The most visible consequence of the above process is the ProcessorMetaSupplier type: the user must provide one for each Vertex. In step 3 the coordinator deserializes the meta-supplier as a constituent of the DAG and asks it to create ProcessorSupplier instances which go into the execution plans. A separate instance of ProcessorSupplier is created specifically for each member’s plan. In step 4 the coordinator serializes these and sends each to its member. In step 5 each member deserializes its ProcessorSupplier and asks it to create as many Processor instances as configured by the vertex’s localParallelism property.

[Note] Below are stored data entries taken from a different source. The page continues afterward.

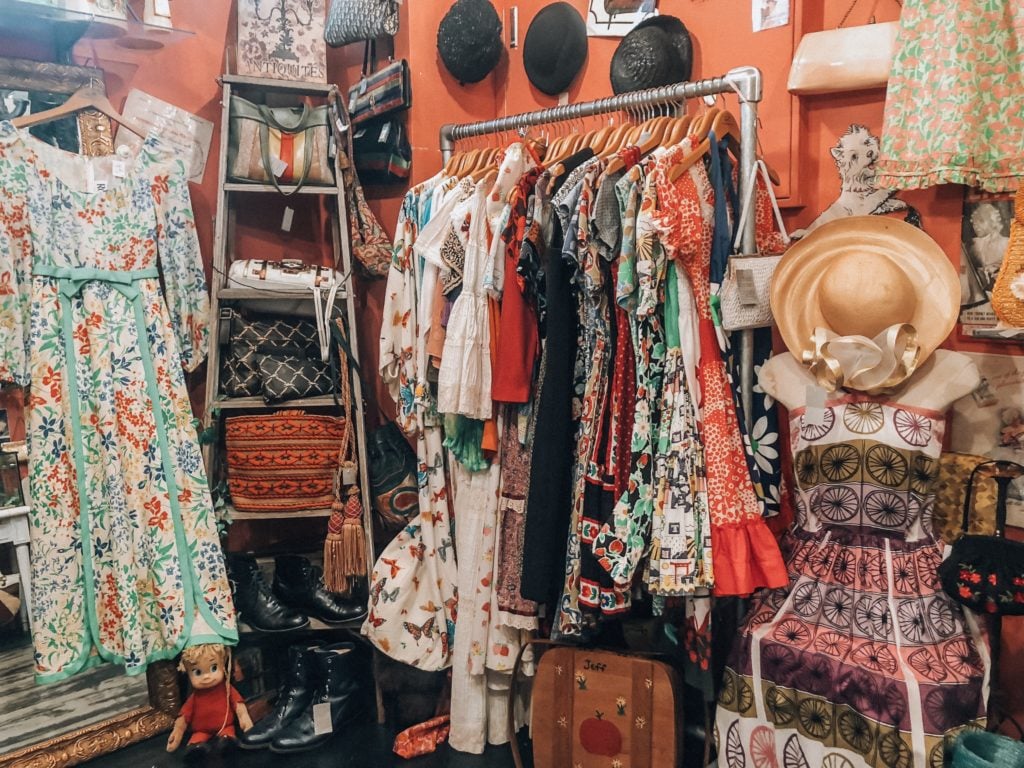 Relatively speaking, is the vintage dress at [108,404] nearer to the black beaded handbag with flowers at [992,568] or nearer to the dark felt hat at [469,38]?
the dark felt hat at [469,38]

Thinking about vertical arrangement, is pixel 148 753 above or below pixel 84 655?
below

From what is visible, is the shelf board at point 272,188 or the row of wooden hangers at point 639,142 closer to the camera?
the row of wooden hangers at point 639,142

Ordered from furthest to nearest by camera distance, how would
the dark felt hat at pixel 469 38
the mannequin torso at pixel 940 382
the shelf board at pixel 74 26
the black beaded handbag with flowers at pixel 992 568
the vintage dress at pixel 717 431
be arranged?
the dark felt hat at pixel 469 38 < the shelf board at pixel 74 26 < the vintage dress at pixel 717 431 < the mannequin torso at pixel 940 382 < the black beaded handbag with flowers at pixel 992 568

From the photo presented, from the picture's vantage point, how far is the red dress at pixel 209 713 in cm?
234

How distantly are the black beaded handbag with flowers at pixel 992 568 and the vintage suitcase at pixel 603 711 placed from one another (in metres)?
0.64

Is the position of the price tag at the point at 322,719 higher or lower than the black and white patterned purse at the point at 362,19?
lower

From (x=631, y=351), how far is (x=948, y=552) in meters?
0.76

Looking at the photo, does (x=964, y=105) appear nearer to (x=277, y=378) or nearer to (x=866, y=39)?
(x=866, y=39)

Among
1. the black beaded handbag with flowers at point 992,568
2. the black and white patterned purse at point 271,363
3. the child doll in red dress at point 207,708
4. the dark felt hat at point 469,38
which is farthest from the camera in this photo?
the dark felt hat at point 469,38

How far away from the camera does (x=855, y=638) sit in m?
1.63

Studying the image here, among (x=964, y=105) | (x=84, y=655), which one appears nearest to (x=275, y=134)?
(x=84, y=655)

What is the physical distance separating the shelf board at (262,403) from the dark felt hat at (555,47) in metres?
1.16

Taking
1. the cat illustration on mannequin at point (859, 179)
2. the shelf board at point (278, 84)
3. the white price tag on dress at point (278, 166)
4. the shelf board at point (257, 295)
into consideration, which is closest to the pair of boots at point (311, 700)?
the shelf board at point (257, 295)

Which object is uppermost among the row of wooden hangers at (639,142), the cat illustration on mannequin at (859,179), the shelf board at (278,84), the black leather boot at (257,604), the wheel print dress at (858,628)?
the shelf board at (278,84) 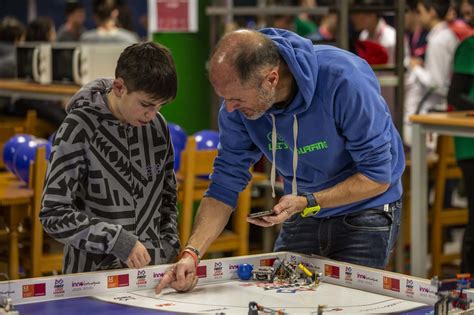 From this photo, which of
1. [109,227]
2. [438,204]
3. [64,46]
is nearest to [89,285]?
[109,227]

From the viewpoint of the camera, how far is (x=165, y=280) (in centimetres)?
284

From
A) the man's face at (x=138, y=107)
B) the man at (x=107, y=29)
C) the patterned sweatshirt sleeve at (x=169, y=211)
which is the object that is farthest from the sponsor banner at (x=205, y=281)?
the man at (x=107, y=29)

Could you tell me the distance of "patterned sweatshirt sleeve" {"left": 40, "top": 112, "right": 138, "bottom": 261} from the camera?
9.48 ft

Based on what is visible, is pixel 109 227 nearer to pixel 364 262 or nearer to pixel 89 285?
pixel 89 285

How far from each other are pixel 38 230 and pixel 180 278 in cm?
227

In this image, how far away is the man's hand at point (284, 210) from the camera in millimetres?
2850

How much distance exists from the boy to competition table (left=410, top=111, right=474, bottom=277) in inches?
104

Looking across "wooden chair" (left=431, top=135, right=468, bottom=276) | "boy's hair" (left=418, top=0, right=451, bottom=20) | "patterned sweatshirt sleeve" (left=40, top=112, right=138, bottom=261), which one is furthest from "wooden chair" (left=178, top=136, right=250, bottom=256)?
"boy's hair" (left=418, top=0, right=451, bottom=20)

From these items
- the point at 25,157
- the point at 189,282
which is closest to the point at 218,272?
the point at 189,282

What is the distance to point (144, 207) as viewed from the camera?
3.11m

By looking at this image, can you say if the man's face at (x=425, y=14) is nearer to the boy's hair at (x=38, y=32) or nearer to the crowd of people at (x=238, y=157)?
the boy's hair at (x=38, y=32)

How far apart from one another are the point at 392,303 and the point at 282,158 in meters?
0.69

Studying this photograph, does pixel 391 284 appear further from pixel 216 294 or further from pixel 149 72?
pixel 149 72

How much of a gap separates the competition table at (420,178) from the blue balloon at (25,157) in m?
1.99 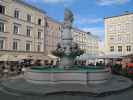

This process is so involved because each Processor instance may need to be differently configured. This is especially relevant for processors driving a source vertex: typically each one will emit only a slice of the total data stream, as appropriate to the partitions it is in charge of.

Tasklet

The execution service maintains a pool of worker threads, each of which juggles several “green threads” captured by an abstraction called the Tasklet. Each tasklet is given its turn and after it tries to do some work, it returns two bits of information: whether it made any progress and whether it is now done. As the worker cycles through its tasklets, before each new new cycle it checks whether any tasklet made progress; if not, it bumps its counter of idle cycles and acts according to the current count: either try again or sleep for a while.

Work stealing

When a tasklet is done, the worker removes it from its tasklet pool. Workers start out with tasklets evenly distributed among them, but as the tasklets complete, the load on each worker may become imbalanced. To counter this, a simple work stealing mechanism is put into place: each time it removes a tasklet from its pool, the worker (let’s call it “thief”) will inspect all the other workers, locating the one with the largest pool (call it “target”). If the thief finds a target with at least two tasklets more, it will pick one of the target’s tasklets and mark it with the instruction “give this one to me”. When the target is about to run the marked tasklet, it will observe the instruction and move the tasklet to the thief’s pool. The whole interaction takes place in a lock-free manner.

ProcessorTasklet

ProcessorTasklet wraps a single processor instance and does the following:

  • drain the incoming concurrent queues into the processor’s Inbox;
  • let it process the inbox and fill its Outbox;
  • drain the outbox into the outgoing concurrent queues;
  • make sure that all of the above conforms to the requirements of cooperative multithreading, e.g., yielding to other tasklets whenever an outgoing queue is full.

SenderTasklet and ReceiverTasklet

On each member a distributed DAG edge is implemented with one ReceiverTasklet and as many SenderTasklets as there are target members (cluster size minus one). Jet reuses Hazelcast’s networking layer and adds its own type of Packet, which can contain several data items traveling over a single edge. The packet size limit is configurable; to minimize fixed overheads from packet handling, Jet will try to stuff as many items as can fit into a single packet. It will keep adding items until it notices the limit is reached, which means that the actual packet size can exceed the limit by the size of one item.

Network backpressure

A key concern in edge data transfer is backpressure: the downstream vertex may not be able to process the items at the same rate as the upstream vertex is emitting them. Within a member the concurrent queues are bounded and naturally provide backpressure by refusing to accept an item when full. However, over the network no such natural mechanism exists, especially because the same TCP/IP connection is used for all edges so TCP’s own flow control mechanism is not sufficient to guard an individual edge’s limits. For that reason Jet introduces its own flow-control mechanism based on the adaptive receive window.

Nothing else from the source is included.